German President Roman Herzog added in 1997: “The genocide of the Sinti and Roma was carried out for the same motive of racial madness, with the same intention and the same will to the planned and final annihilation as that at the Jews. They were murdered systematically and family-wise in the entire sphere of influence of the National Socialists, from infants to the elderly.” Yet memorialization of these victims’ suffering has been grievously slow and far from adequate (this memorial was only established in 2012).
Repressive governments rarely target just one group
In an article in the International Journal of Transitional Justice, political scientist Claire Greenstein shows that “organized victim groups [namely, Jews, Social Democrats and Communists] received reparations [for Nazi crimes] from the West German government in the 1950s, while Romani Germans, who did not organize until the late 1970s, were largely and deliberately excluded from receiving reparations payments until 1981.” Roma communities continue to be marginalized in Germany and throughout Europe.
Rarely, if ever, do repressive governments target one minoritized group. In the case of the Nazis, they persecuted multiple groups for their identity, chiefly Jews and Roma and Sinti, as I’ve mentioned already, but also Black people, gay people, people with disabilities, trade unionists, and others that Nazi leaders deemed to be outside or opposed to their views of a “pure Aryan race.”
My visit to the Memorial to Homosexuals Persecuted Under Nazism was a poignant one. It made me wonder if the next time I visit Germany the memory landscape will have expanded to better memorialize other groups the Nazis marginalized and repressed.
The marker that is everywhere
One last experience I’ll share is one I had almost every day, walking the streets of Berlin: coming across Stolpersteine (stumbling stones), one of Germany’s most well-known Holocaust memorialization projects. These are part of the world’s largest decentralized monument. Each small brass cobblestone starts with “Here lived,” followed by the victim’s name, date of birth, and fate: exile, suicide, or, in most cases, deportation, internment, and murder.
Stolpersteine throughout Europe’s cities and villages are an everyday and everywhere reminder of the past. They are as beautiful and powerful as they are painful. I can’t help but wonder what a similar effort could look like in the United States, as we grapple with historical, contemporary, and systemic injustice. Where would we start?
While in Germany, I was fortunate to join a multidisciplinary research group shared between the Freie Universität Berlin, Humboldt Universität zu Berlin, and Universität Potsdam.

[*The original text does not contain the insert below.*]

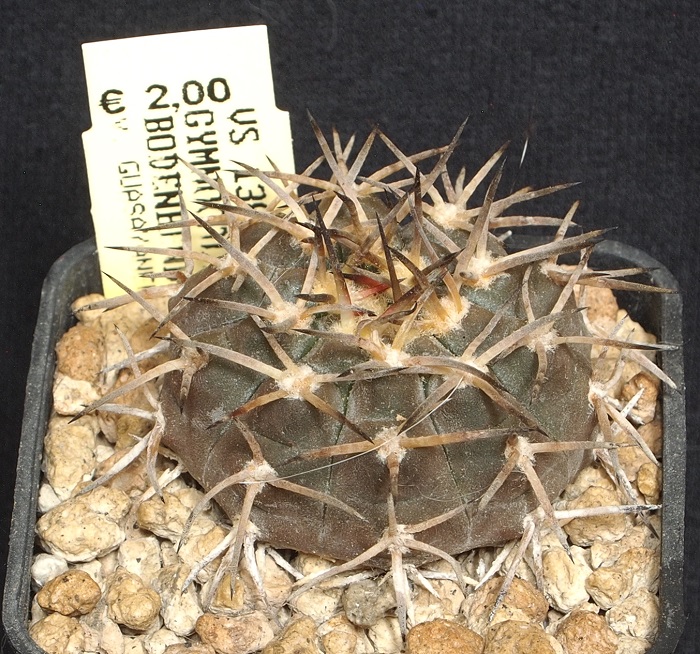 Gymnocalycium riojense v. guasayanense VS 138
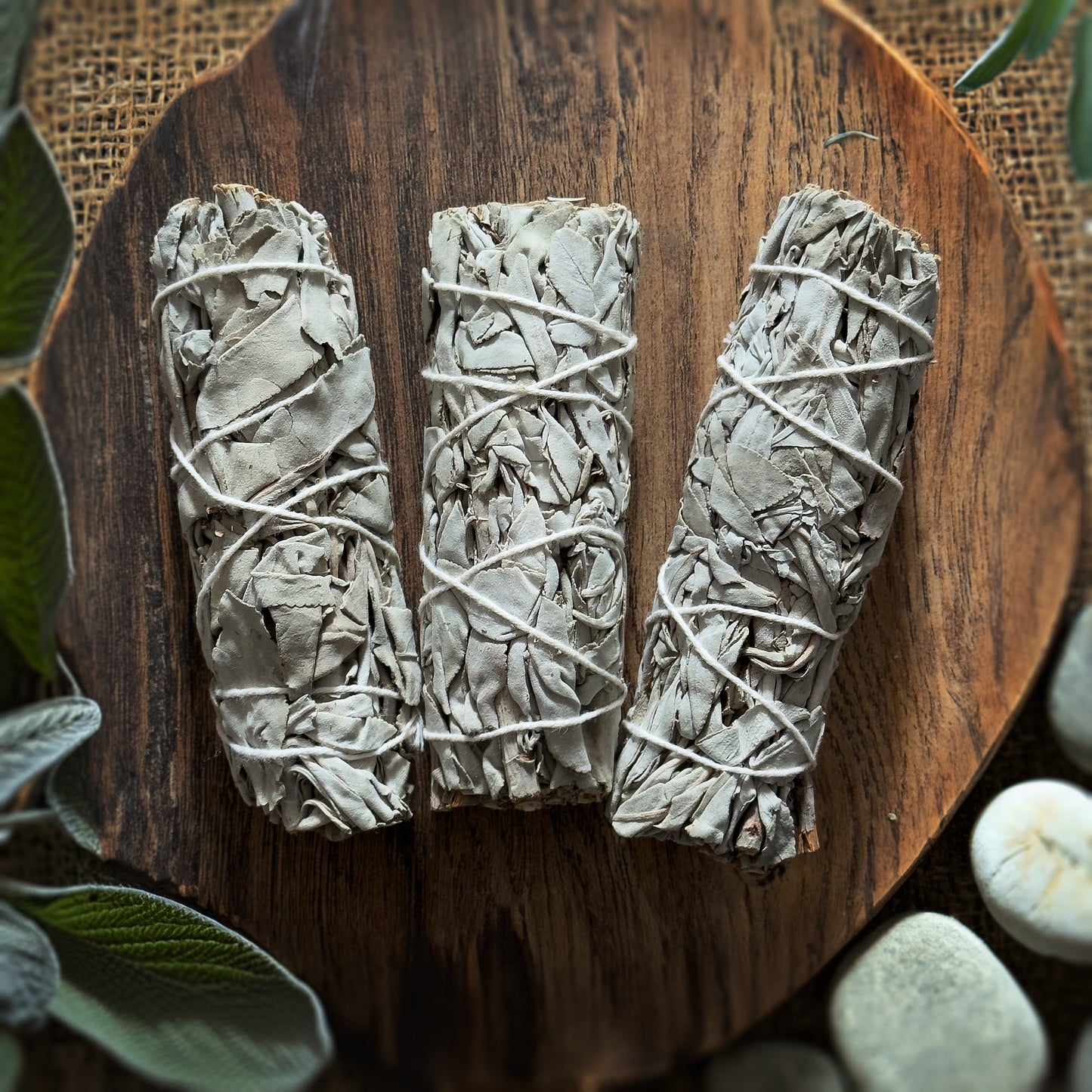 Weißer Salbei | Räucherbündel | Natürlich | 1 Stk. | Aromatherapie | Reinigung | White Sage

I had the opportunity to participate in a weekly research workshop and attend lectures and book talks by colleagues in law, history, and political science. This was a particularly productive, challenging, and generative summer, and I am grateful for support from my hosts and my own university.
I’ve returned from this intense and emotional experience reenergized to keep researching and teaching human rights, transitional justice, and international law.